Un análisis del Observatorio Económico y Social de la Universidad de La Frontera (OES-UFRO) muestra que algunos gastos asociados al inicio del año escolar siguen aumentando por sobre el IPC, especialmente el transporte escolar, que acumula un alza de 25,5% en los últimos tres años.
Aunque la inflación general en Chile ha mostrado señales de desaceleración, el costo de educar a un hijo continúa aumentando para muchas familias. Así lo advierte un nuevo boletín del Observatorio Económico y Social de la Universidad de La Frontera (OES-UFRO), que analizó la evolución de los precios de distintos productos escolares incluidos en el Índice de Precios al Consumidor (IPC) entre 2023 y 2026.

El estudio identifica que el transporte escolar es hoy el principal factor de encarecimiento del gasto educativo, con un aumento acumulado de 25,5% en tres años, más del doble del IPC general del período.
Según el economista y coordinador del OES-UFRO, Patricio Ramírez, esta tendencia responde principalmente a la dinámica de los servicios, cuyos costos suelen ajustarse más lentamente que los bienes. “El transporte escolar refleja una inflación de servicios intensiva en costos locales, como combustibles, mantención vehicular, seguros y salarios.
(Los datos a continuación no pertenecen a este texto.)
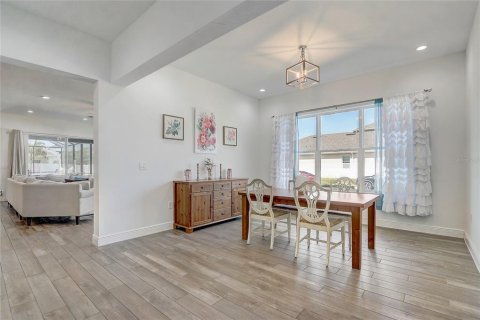 House in Winter Garden, Florida 5 bedrooms, 341.14 sq.m. № 1687125 - photo 17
A diferencia de los bienes, estos precios no bajan rápidamente cuando la inflación general comienza a moderarse”, explica Ramírez.
El informe también muestra que los textos educativos acumulan un alza de 18,2% en el mismo período, mientras que el vestuario escolar ha tenido un aumento más moderado, de 9,1%, incluso por debajo de la inflación general.
Sin embargo, más allá de las diferencias entre productos, el análisis advierte que el inicio del año escolar continúa generando una fuerte presión financiera para los hogares, debido a la concentración de gastos en un período muy acotado del año.
“Marzo sigue siendo un verdadero shock inflacionario para las familias. Aunque el IPC anual se modere, los hogares perciben un mayor costo porque los gastos escolares se concentran en pocas semanas”, agrega Ramírez.
El fenómeno tiene además implicancias económicas más amplias. Según el informe, el aumento del gasto escolar —especialmente en servicios— puede reducir el ingreso disponible de los hogares, afectar su capacidad de ahorro e incluso postergar otros consumos durante los primeros meses del año.
En ese contexto, el análisis advierte que el gasto asociado al retorno a clases no solo tiene efectos a nivel microeconómico en las familias, sino que también puede influir en la dinámica del consumo en el primer trimestre del año.